Understanding race in America—its history of oppression, inequality, inequity, prejudice and discrimination—has been a journey for many, even for me, a black person who has lived through it. Journeys begin with a want or need to move from one place to another. Sometimes they're geographic, but often they are an existential expedition to comprehend how something came to be and the impact it has on self, family or community. This book is about my growing understanding of what I and my friends experienced. And my reflection on how those events not only molded us as adults, but shaped, and continue to shape, our country. It also explores the little-examined role that everyday people play in in creating extraordinary movements for social justice.
Given the title of this book, you may have a preconceived idea of what it’s about. I grew up in the 1950s and ‘60s in Richmond, Virginia—not just any Southern city, the capital of the Confederacy, a city still with significant vestiges of that heritage—so, you might expect stories of mistreatment based on race. But that is only this book’s backdrop, not its core. The story is about family, friends, cocoons of love, support and pushing beyond the constraints of boundaries.

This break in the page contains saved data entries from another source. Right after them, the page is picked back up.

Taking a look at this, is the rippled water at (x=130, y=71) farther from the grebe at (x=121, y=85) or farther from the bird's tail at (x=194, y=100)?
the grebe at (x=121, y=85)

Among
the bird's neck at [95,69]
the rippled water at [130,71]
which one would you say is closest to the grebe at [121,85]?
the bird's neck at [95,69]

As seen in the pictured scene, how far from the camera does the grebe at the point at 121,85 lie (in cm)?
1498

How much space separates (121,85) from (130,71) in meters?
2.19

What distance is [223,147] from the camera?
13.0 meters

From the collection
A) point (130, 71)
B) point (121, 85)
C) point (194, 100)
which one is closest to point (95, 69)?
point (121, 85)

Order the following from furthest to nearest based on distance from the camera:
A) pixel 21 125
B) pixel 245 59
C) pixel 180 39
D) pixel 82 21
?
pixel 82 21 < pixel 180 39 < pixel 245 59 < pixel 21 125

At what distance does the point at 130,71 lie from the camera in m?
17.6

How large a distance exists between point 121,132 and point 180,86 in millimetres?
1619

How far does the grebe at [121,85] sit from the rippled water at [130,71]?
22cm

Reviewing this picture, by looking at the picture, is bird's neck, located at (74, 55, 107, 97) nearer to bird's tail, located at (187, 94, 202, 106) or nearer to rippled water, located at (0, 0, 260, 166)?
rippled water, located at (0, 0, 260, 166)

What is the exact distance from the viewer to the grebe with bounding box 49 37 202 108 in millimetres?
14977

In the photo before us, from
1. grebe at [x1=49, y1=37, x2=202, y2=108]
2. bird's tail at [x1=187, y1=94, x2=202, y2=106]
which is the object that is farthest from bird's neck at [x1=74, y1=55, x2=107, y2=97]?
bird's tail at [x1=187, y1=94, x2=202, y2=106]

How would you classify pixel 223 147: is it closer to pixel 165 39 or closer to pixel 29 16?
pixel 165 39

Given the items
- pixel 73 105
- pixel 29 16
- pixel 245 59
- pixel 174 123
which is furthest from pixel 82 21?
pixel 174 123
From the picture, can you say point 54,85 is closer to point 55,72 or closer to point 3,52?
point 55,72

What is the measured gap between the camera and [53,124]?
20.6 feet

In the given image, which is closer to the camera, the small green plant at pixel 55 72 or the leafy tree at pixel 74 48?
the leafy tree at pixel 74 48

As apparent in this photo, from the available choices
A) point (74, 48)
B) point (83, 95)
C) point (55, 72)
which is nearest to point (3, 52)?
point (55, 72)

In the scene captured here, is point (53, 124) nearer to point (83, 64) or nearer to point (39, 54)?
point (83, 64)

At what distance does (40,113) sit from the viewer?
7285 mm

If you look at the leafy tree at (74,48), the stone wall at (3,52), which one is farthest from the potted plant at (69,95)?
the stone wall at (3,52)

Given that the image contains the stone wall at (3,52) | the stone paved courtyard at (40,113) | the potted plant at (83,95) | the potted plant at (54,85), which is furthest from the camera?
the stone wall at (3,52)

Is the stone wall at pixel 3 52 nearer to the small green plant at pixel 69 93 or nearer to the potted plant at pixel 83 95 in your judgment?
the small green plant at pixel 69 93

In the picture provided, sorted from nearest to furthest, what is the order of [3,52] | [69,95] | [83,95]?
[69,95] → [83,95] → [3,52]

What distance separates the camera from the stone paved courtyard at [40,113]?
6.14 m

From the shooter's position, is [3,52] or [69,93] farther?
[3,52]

It was in college my friends and I became black. Black in the sense of a heightened awareness of racial identity. No longer a brown reflection of whites but understanding what it meant to be black. It had started in high school, but these thoughts, these realizations, matured in college as we thought about our past. Immersed all our lives in the history and heritage of European whites, we knew little of our own history, our contributions and nothing of African history. Our issues had become more nuanced as some protested racism and advocated for equality. Just as it should, college expanded our minds and Richmond and our families were no longer at the center of our thinking. Our upbringing would forever be fundamental to who we were, but not the sole determinant of who we became. Exposure to the experiences and thoughts of others from all over the country and around the world now factored into our understanding of many issues and helped to form how we viewed the world and the events of the day.
History shaped us as much as our families did. So too did our friendships. And unlike the overarching effect of history or the subliminal and expected influence of family, our friendship with its extraordinary, ongoing implications has connected us to a past and provided a resonant sounding board for examining our present. Human nature desires friendships formed from shared experience, values, laughter and a few tears. It creates simple bonds, the best kind. We are family. We are the daughters of the dream.